The problem with sharing poetry on the internet: how to properly cite poems found online

I’ve been taking Buddhism classes at the Auckland Buddhist Centre almost nonstop since the beginning of the year, and on top of that, have been reading a lot of books by / about / for people committed to living Buddhist practices more fully. One of the unexpected results of this activity is that I am regularly encountering poems that are both “old friends” and many that are completely new to me.

These days I’m far more interested in keeping track of my favorite poems than I have been in the past. As someone who appreciates both accuracy and giving credit where credit is due, sharing poems on the internet feels fraught with peril… and it gets worse when I’m often using the internet to track down poems I encounter in the wild, remembering only fragments. Copyright infringement and amplification of errors and misattribution, Oh My!

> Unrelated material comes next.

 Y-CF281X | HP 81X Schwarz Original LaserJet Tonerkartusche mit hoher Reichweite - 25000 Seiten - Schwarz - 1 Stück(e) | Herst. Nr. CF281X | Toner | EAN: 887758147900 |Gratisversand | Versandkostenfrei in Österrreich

Example: the Countee Cullen poem I shared recently is actually quite a bit longer than the portion that I (and many other people before me) shared online. I certainly didn’t realize how much more there is to it until I went looking for a reputable source; I considered including the whole thing in my post, but in the end opted to reproduce the “error,” if that’s the most appropriate way to describe the unintentional truncation of a poem without indication that it’s only an excerpt.

Here’s another example: I recently shared Portia Nelson’s poem “Autobiography in Five Chapters” after re-encountering it toward the end of Jack Kornfield’s book, The Eightfold Path for Householders. It’s an easy poem to Google up.

But because of guilt or the need to be right or righteousness or whatever, it was bugging me that a bunch of other sites were referring to the title of the poem as “Autobiography in Five Short Chapters”. I kept digging, and I figure the 35th anniversary edition of Portia Nelson’s own book got it right; I’m pretty sure it is in fact called “Autobiography in Five Short Chapters”. [I have no idea whether the punctuation is supposed to be inside or outside the quotation marks here, gah.]

It’s been a long time since I’ve written an academic paper with proper citations (and while I’m at it, I’ll add that my sense of “proper” spelling and punctuation has been thoroughly confused by having moved to a place where British English is the norm). AND it still seems like the right thing to do to properly credit authors and publishers and the like when I reproduce their work.

Apparently this is the way to do it:

  1. The author’s name
  2. The poem title in quotation marks
  3. The website title in italics
  4. The date the poem was posted (in day-month-year order)
  5. The publication medium (Web)
  6. The date you accessed the poem

Thanks, Jennifer Spirko, “How to Cite Poems Found Online in MLA Style,” as discovered at Pen and the Pad, posted 17 April 2017, accessed via the web on 15 July 2018. I’m going to make the effort.